→ ACTION ITEM: The answer should be an exact repeat of the stretch of material below from the line containing "Vintage French Wooden" through the line containing "Rapid subduction initiation".

SUPPLIED DATA Block Start

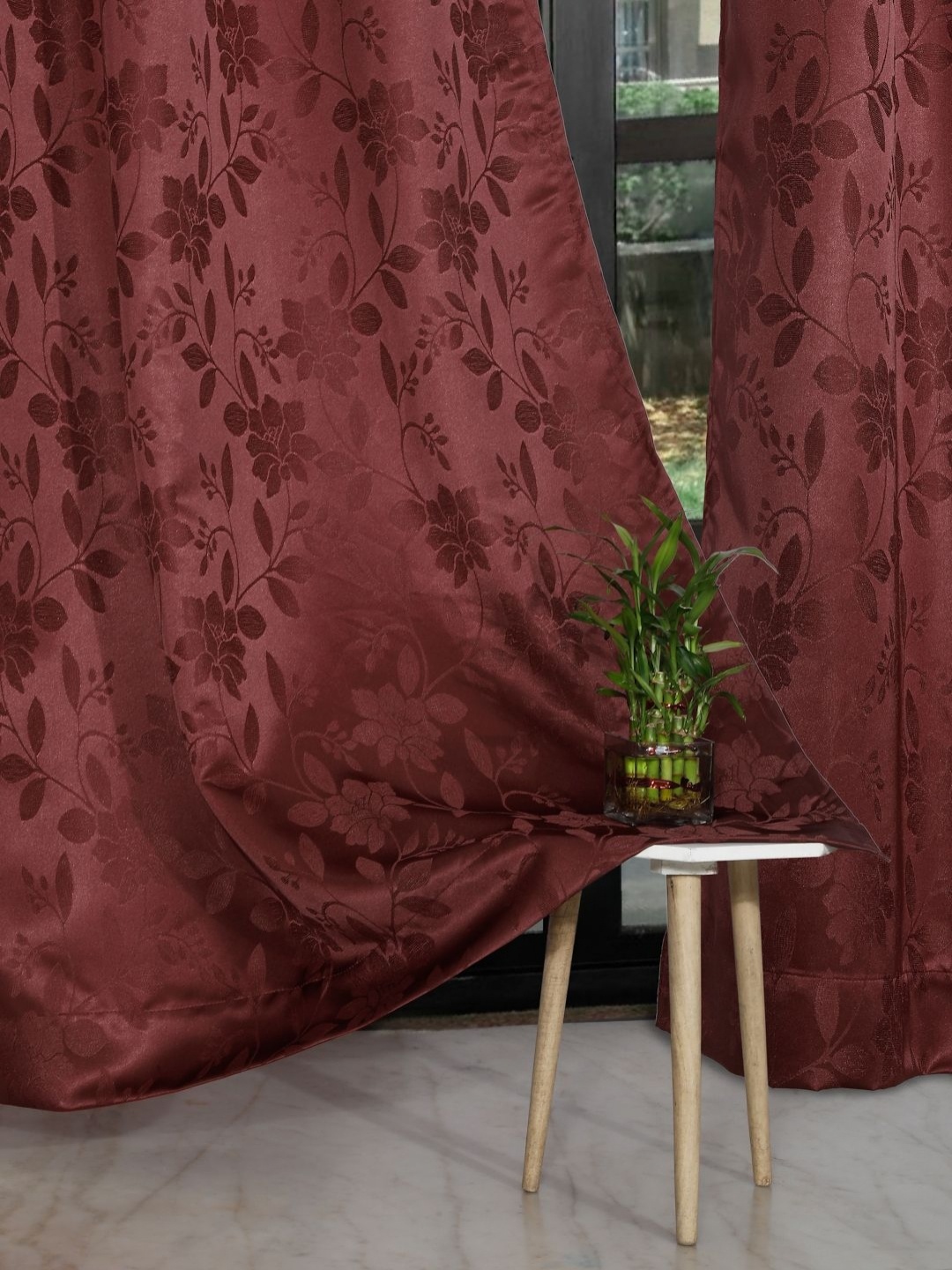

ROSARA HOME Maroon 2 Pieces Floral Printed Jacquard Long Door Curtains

SUPPLIED DATA Block End
SUPPLIED DATA Block Start

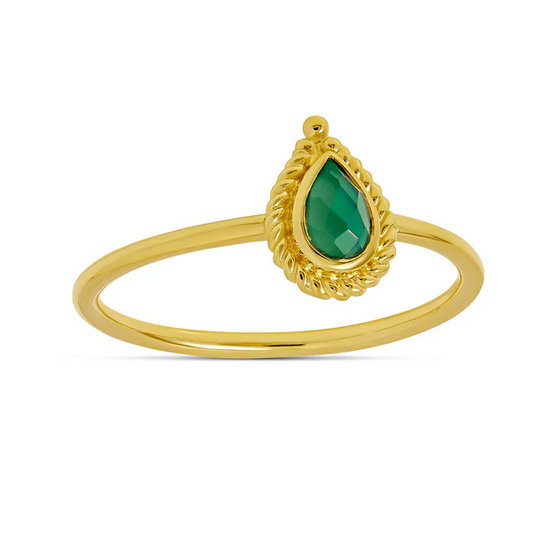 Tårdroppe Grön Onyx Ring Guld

SUPPLIED DATA Block End
SUPPLIED DATA Block Start

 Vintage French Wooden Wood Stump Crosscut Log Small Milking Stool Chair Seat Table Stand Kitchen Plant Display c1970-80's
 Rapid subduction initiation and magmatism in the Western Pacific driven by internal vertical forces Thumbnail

SUPPLIED DATA Block End

→ EXERCISE SOLUTION:
 Vintage French Wooden Wood Stump Crosscut Log Small Milking Stool Chair Seat Table Stand Kitchen Plant Display c1970-80's
 Rapid subduction initiation and magmatism in the Western Pacific driven by internal vertical forces Thumbnail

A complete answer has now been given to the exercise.